Even as he bent back, his right-hand saber stabbed downward, planted in the earth, and he used it as a lever — both feet kicked off the ground, launching himself into the air. He planted a kick square on Chief Cheng’s chest.
He had no intention of injuring the man — Chief Cheng had even warned him — so the kick wasn’t full force. It was just a second moment of leverage, off that soft belly, to send himself flying backward.
He retreated and held his saber ready, and found Chief Cheng’s expression had gone quite ugly.
*I didn’t hit him that hard,* Dantai Yajing thought. *Have I hurt him?*
Then, in that moment, he noticed something wrong. He looked down at himself. There was dust on his clothes.
Dantai Yajing’s expression also went ugly, because that hammer — he hadn’t quite dodged it. When the third hammer came with held-back force, placed lightly against his chest — even so, it had touched his clothing. If full force had been used, that hammer would have—
Which explained why Dantai Yajing’s face had gone ugly. He understood: in that moment, if they had been on a battlefield, he would already be dead.
But in that same moment, on a battlefield, Chief Cheng would also be dead.
They had traded lives.
It was precisely this realization that made Dantai Yajing understand Li Chi’s purpose in coming. This Cheng Wujie — Li Chi really had been right to come for him personally. He looked back at Li Chi, who was grinning from ear to ear — the grin of a man who’d found a great windfall.
Think about it: wasn’t this worth more than any windfall of gold?
How many people in all the realm could trade lives with Dantai Yajing in three moves?
Dantai Yajing stepped forward to say: you’ve won.
But Chief Cheng was backing away repeatedly: “That’s enough, that’s enough — you win, just go on through.”
Dantai Yajing said: “You won.”
Chief Cheng shook his head: “I say you won, so you won. Just go.”
Dantai Yajing said: “If we had truly been fighting, we would both be dead — life for life. Winning or losing can’t truly be settled that way. Your strength is beyond measure.
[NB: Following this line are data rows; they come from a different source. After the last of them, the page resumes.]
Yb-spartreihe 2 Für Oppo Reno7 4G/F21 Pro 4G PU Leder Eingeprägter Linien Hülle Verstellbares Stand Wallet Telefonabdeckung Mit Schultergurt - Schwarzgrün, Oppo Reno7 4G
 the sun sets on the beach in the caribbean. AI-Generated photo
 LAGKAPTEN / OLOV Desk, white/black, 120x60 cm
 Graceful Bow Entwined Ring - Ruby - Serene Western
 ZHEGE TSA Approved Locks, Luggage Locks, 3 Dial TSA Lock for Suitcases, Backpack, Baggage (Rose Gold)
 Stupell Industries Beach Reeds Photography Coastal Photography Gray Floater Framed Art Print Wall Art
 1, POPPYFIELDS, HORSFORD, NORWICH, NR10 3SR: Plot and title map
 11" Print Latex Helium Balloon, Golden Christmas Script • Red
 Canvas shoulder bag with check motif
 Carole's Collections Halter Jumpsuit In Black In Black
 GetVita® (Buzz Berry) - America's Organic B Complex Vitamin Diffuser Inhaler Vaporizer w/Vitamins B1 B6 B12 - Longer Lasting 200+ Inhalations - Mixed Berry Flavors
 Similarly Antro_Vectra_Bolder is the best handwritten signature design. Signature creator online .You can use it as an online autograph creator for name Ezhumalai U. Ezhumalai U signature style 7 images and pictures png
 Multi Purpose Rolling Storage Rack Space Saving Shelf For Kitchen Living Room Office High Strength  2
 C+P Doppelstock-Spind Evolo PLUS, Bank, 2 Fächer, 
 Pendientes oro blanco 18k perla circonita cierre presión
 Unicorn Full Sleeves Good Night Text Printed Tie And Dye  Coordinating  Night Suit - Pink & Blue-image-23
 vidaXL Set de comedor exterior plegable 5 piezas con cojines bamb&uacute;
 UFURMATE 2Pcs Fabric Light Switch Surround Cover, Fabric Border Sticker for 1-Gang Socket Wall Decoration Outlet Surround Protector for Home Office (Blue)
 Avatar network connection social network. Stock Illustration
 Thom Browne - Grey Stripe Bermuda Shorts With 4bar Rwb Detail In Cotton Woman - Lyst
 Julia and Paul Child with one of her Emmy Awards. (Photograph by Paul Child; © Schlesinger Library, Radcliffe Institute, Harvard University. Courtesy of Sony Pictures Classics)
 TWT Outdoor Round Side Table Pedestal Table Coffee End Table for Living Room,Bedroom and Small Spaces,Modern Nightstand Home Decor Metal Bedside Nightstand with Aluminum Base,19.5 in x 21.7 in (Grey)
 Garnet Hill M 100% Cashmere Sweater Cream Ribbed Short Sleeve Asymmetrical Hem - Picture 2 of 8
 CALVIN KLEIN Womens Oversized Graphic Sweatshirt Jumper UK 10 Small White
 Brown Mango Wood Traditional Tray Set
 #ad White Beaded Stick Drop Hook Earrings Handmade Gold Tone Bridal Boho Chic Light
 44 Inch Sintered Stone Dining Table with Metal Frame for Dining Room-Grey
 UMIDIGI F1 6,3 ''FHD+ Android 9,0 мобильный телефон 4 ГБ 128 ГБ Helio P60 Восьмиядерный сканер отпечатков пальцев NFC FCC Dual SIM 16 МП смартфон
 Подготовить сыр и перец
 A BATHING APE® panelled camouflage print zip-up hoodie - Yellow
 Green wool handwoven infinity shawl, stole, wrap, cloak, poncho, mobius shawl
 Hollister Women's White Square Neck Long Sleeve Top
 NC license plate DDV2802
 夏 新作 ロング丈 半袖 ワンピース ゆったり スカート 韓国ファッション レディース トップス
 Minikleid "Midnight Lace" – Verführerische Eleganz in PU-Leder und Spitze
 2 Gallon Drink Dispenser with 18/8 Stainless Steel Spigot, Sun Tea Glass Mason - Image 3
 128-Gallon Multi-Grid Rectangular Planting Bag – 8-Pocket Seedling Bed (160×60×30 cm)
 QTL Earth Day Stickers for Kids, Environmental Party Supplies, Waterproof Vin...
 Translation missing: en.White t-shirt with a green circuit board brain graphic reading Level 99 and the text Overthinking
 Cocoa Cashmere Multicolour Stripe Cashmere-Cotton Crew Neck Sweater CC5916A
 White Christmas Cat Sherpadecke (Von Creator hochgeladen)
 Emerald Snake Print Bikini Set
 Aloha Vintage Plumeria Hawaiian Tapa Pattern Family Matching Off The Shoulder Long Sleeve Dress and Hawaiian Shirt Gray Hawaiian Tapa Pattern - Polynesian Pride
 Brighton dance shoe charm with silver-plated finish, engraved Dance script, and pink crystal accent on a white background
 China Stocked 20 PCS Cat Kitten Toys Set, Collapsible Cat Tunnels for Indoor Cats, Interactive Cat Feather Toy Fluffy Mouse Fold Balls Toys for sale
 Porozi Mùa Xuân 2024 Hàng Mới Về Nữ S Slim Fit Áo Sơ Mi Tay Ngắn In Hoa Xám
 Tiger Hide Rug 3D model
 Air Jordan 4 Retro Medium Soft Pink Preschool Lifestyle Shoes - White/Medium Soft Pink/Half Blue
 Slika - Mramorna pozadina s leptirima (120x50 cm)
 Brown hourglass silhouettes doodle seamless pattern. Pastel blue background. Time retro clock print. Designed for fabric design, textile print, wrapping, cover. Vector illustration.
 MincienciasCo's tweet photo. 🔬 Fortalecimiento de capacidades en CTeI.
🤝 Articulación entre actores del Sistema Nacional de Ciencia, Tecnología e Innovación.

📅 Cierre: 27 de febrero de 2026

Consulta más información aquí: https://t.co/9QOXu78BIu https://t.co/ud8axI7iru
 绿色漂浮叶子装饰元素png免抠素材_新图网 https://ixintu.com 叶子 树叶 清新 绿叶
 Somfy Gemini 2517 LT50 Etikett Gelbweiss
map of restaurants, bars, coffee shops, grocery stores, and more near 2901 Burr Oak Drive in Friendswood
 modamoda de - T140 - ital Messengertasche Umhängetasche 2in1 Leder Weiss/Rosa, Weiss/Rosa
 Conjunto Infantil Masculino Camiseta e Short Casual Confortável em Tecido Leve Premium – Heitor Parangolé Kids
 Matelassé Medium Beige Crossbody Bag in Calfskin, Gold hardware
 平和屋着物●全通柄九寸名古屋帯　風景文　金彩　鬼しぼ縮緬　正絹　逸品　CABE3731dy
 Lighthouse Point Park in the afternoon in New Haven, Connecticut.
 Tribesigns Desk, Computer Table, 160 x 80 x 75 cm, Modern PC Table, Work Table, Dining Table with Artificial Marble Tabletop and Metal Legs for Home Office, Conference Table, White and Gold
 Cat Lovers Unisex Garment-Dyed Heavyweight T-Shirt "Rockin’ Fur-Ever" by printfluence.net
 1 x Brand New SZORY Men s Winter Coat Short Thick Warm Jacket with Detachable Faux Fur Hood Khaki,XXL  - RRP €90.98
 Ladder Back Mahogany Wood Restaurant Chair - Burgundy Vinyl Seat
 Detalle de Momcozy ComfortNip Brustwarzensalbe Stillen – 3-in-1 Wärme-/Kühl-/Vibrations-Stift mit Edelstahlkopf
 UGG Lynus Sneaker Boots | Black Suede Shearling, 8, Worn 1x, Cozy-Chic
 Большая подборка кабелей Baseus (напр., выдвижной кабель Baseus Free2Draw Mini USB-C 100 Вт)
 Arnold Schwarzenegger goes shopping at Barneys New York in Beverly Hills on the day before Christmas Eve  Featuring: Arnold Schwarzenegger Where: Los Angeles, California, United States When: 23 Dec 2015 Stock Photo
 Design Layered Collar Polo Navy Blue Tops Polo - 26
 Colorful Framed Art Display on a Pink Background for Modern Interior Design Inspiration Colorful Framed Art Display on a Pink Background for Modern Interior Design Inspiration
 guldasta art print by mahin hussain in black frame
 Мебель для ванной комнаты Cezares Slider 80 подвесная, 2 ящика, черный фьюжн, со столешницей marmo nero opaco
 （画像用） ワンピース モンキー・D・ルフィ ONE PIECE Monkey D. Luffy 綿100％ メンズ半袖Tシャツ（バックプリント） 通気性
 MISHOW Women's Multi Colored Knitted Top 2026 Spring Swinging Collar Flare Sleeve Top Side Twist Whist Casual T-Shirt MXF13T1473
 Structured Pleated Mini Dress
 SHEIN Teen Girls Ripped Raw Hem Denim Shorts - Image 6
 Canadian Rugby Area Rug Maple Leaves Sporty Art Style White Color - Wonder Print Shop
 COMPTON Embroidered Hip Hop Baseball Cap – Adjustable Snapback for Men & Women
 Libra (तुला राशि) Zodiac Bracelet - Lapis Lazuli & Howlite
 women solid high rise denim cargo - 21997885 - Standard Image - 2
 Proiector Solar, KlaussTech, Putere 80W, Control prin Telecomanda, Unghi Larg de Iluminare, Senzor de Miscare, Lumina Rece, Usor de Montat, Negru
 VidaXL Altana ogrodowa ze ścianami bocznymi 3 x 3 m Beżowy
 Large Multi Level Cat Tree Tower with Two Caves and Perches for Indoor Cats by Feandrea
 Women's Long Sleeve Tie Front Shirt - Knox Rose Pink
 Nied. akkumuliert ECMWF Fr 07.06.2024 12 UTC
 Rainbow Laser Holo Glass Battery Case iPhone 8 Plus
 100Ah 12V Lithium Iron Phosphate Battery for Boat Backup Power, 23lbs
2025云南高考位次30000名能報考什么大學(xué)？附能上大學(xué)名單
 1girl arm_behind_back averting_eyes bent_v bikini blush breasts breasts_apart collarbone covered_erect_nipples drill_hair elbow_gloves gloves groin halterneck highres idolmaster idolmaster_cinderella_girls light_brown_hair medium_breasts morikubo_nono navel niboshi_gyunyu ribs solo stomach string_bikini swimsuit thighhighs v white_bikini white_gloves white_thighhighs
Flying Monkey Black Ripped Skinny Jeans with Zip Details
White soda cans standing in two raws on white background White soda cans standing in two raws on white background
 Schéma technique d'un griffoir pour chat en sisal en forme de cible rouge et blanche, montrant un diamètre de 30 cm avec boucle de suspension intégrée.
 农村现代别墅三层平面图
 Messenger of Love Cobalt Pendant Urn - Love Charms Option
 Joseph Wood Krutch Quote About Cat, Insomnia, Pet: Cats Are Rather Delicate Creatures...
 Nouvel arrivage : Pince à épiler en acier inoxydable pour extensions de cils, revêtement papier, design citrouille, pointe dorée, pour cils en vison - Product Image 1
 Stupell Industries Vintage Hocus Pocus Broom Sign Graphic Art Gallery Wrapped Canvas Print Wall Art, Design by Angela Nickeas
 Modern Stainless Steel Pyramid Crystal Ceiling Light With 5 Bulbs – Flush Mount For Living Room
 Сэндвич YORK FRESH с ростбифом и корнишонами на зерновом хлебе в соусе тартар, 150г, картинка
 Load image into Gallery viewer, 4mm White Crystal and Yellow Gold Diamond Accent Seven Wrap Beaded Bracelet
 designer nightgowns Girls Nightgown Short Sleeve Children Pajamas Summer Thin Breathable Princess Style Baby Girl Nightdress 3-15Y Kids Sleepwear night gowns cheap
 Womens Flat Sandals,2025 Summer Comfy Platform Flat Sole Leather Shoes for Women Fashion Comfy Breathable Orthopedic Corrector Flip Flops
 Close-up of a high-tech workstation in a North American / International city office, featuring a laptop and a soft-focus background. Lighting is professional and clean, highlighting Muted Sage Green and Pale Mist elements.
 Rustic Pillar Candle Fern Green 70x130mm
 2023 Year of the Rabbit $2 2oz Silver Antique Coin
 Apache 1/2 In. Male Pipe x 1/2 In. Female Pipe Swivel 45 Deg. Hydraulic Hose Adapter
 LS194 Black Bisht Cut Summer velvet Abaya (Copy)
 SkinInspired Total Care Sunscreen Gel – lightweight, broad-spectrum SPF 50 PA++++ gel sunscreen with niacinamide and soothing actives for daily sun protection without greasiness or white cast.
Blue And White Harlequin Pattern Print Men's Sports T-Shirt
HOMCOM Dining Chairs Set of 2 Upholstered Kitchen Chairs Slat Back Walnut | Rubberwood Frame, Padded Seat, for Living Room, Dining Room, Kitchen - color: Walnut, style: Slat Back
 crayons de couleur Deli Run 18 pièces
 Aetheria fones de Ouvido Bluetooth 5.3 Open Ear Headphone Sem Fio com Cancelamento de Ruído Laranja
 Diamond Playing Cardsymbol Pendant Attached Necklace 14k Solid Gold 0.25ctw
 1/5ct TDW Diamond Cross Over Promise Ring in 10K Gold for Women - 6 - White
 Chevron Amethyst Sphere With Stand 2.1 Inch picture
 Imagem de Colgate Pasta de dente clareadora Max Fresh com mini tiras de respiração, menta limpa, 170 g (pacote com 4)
If we continued, I would not be your match.”
He might have his pride, but he was a man of open honesty — he believed that if they continued at length, he would definitely not be able to beat this Cheng Wujie.
Chief Cheng, however, crouched down and looked thoroughly miserable.
“If we keep going… I only have three moves. If we keep going, won’t that be obvious to everyone?”
Dantai Yajing was bewildered.
He asked with surprise: “But aren’t you making it obvious *now*?”
Chief Cheng startled, and looked between Dantai Yajing and his own subordinates.
He asked: “Did I just say that out loud?”
Little Six nodded: “You did, Chief.”
Chief Cheng dropped onto his backside: “That’s not going to make me look very bright, is it?”
Little Six said reassuringly: “It’s fine, Chief. It’s not like we didn’t already know.”